October 28, 2008 Categories: Reviews
Ecology of Fear:
Los Angeles and the Imagination of Disaster
Mike Davis
1998. Vintage. 484 pp. $15.95
Mike Davis knows all about LA, and he knows that almost everything you think you know about it is wrong. Behind the benevolent Southern California climate lies the potential for all kinds of disasters — and behind those disasters lies a century and a half of systematically foolish and ignorant development choices, choices that have turned a beauty spot into a trouble spot. “Blade Runner” wasn’t nearly imaginative enough.
How can a book with this theme be so compulsively readable? When you really understand a place, you know where to find the inconvenient truths, which are usually the best stories.

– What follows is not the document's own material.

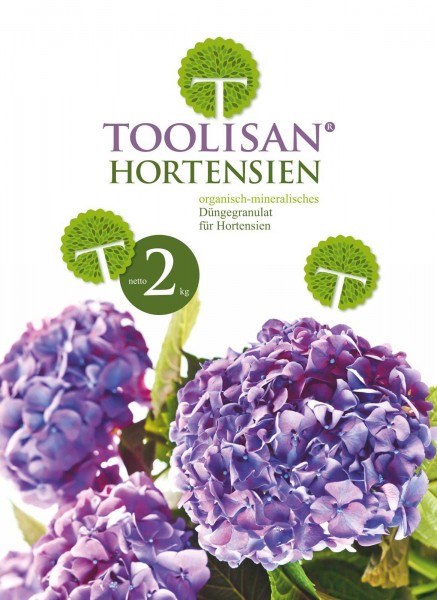 Hortensiendünger Toolisan®*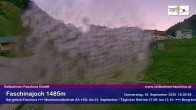 Archiv Foto Webcam Faschinapass, Stafelalpbahn 17:00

There’s the late great Los Angeles River. Frederick Law Olmsted, Jr. and Harlan Bartholomew preferred to control its flooding by “strictly limit[ing] private encroachment within the 50-year floodplain.” Instead, the choice was to pave “a narrow width of the river’s channel in order to flush storm runoff out of the city as efficiently as possible, and thus allow extensive industrial development within the floodplain.” {69}
Suppressing fire is no more likely to succeed than repressing water. Instead of prescribed burning every few years, we have the CL-415 “Super Scooper,” described by Davis as “a gigantic amphibious aircraft capable of skimming the surface of the ocean and loading up to 14,000 gallons of water per fire drop.” {145, 146} California taxpayers foot the bill so that a few can keep building in the firebelt suburbs.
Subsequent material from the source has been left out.